Work order =
Please restate every record below word for word and skip the pictures.

:: Material for this exercise

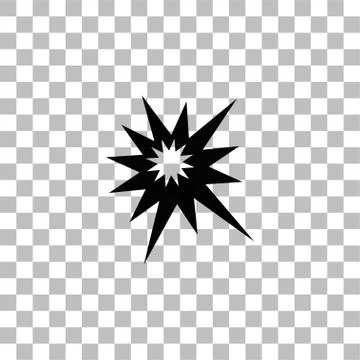 Explosion icon flat Stock Illustration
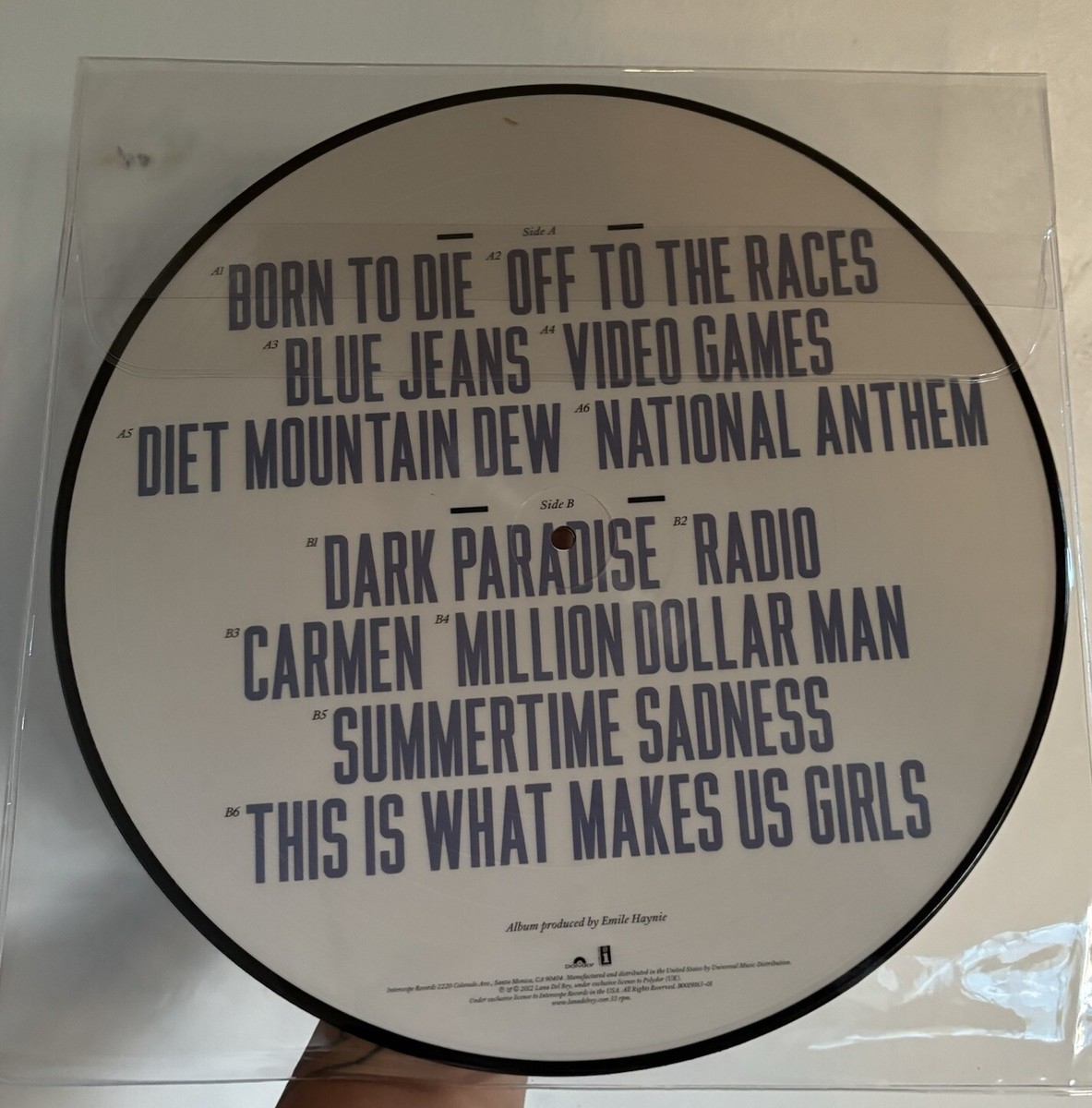 Lana Del Rey - Born To Die Picture Disc RSD Exclusive, RARE, HTF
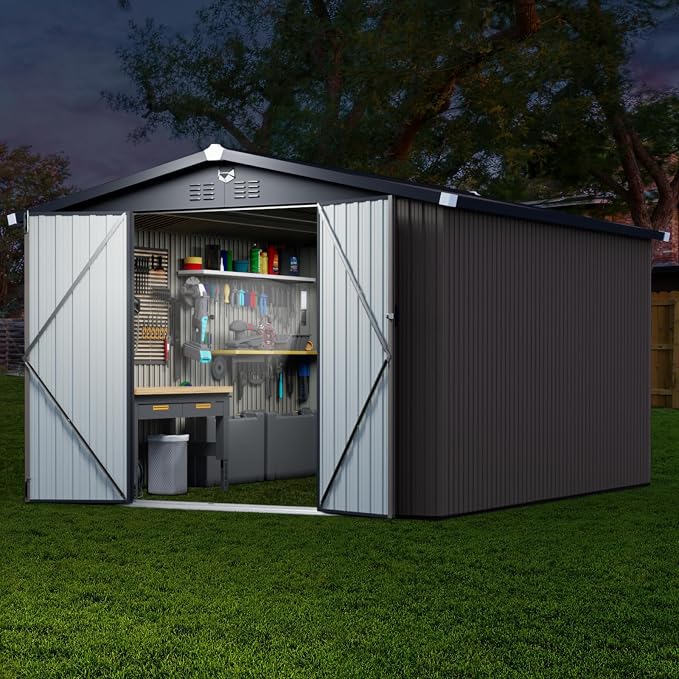 Metal Storage Shed 10x12 FT,Outdoor Storage Building,Large Backyard Sheds with Lockable Doors,Outside Storage Shed Waterproof - Image 9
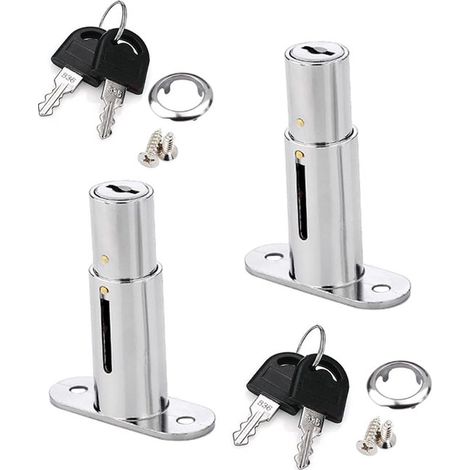 Cerradura para puerta corredera de 40 mm - Cerradura para muebles, vitrinas y armarios - 2 unidades (1/5)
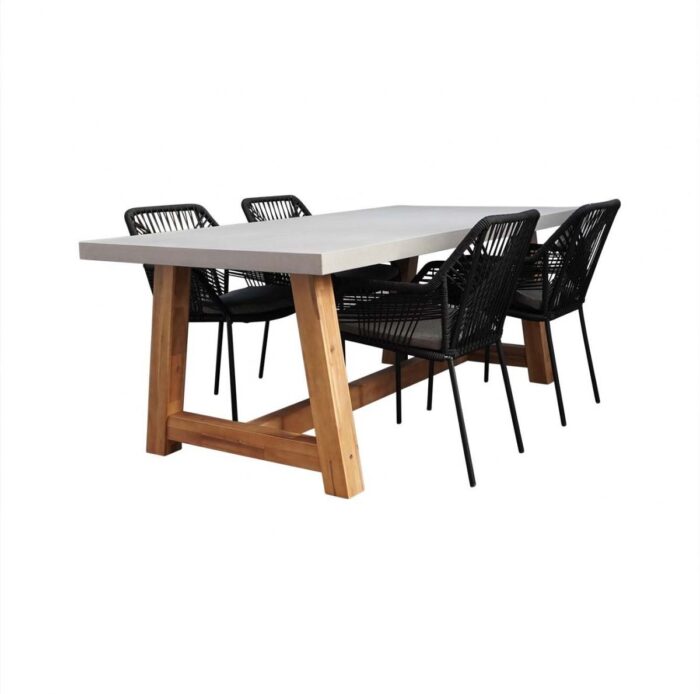 BUITEN living Veltis/Seville zwart dining tuinset | 4 personen | betonlook + touw | 200cm – Betonlook, Zwart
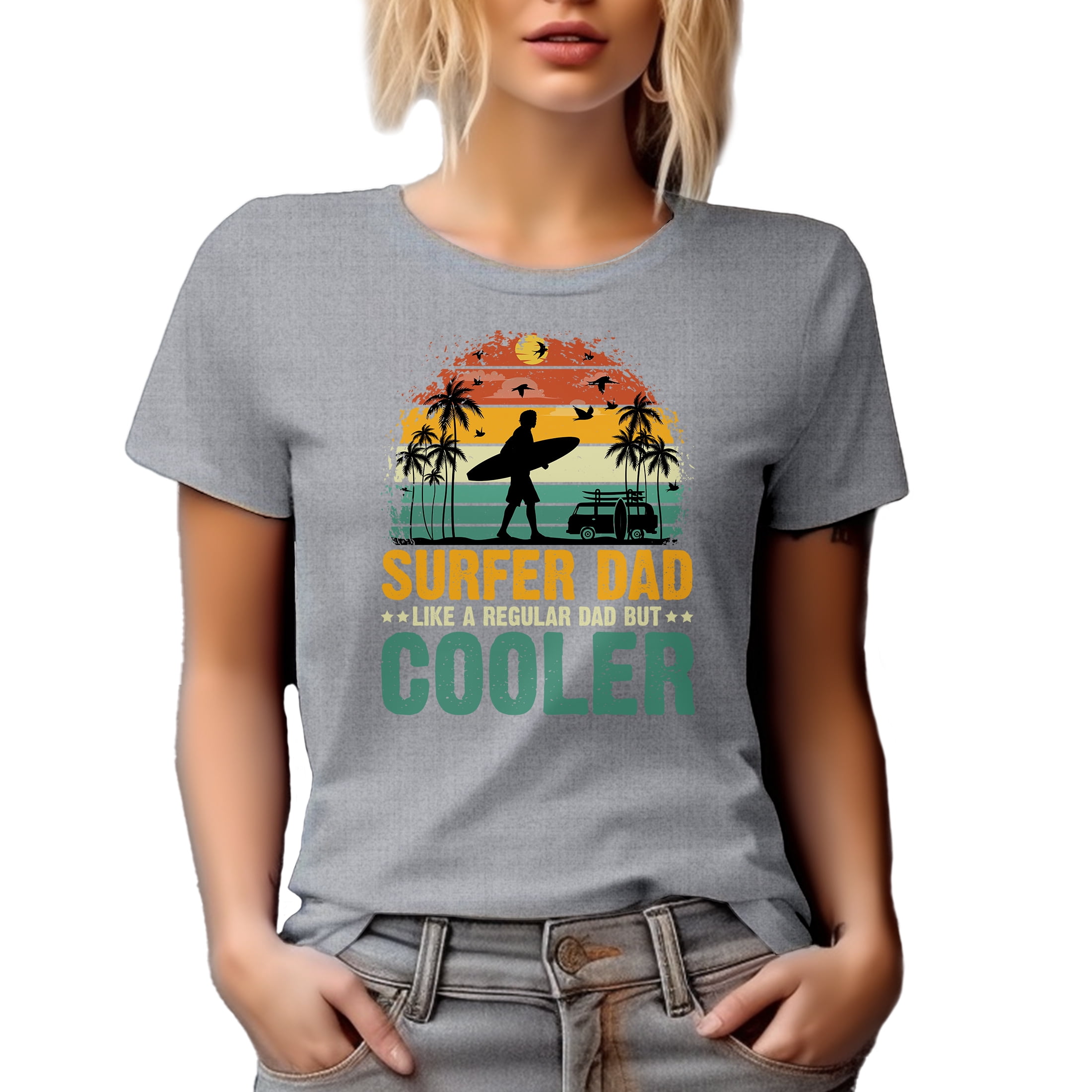 Surfer Dad Like a Regular Dad but Cooler, Surfing Enthusiast Father's Day, Heather Grey T-Shirt, Medium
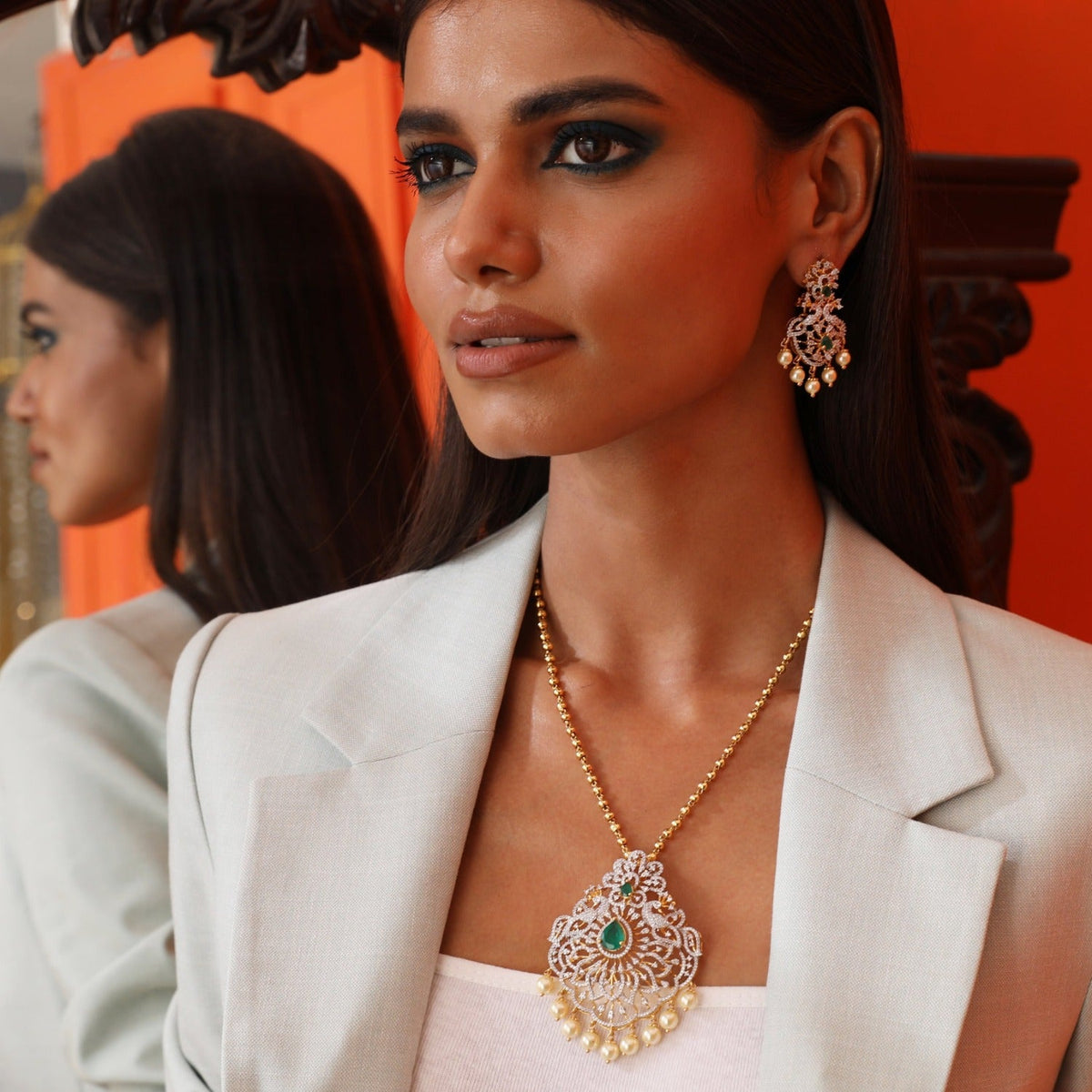 Pendants Sanvi CZ Silver Pendant Set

::::

Task solution =
 Explosion icon flat Stock Illustration
 Lana Del Rey - Born To Die Picture Disc RSD Exclusive, RARE, HTF
 Metal Storage Shed 10x12 FT,Outdoor Storage Building,Large Backyard Sheds with Lockable Doors,Outside Storage Shed Waterproof - Image 9
 Cerradura para puerta corredera de 40 mm - Cerradura para muebles, vitrinas y armarios - 2 unidades (1/5)
 BUITEN living Veltis/Seville zwart dining tuinset | 4 personen | betonlook + touw | 200cm – Betonlook, Zwart
 Surfer Dad Like a Regular Dad but Cooler, Surfing Enthusiast Father's Day, Heather Grey T-Shirt, Medium
 Pendants Sanvi CZ Silver Pendant Set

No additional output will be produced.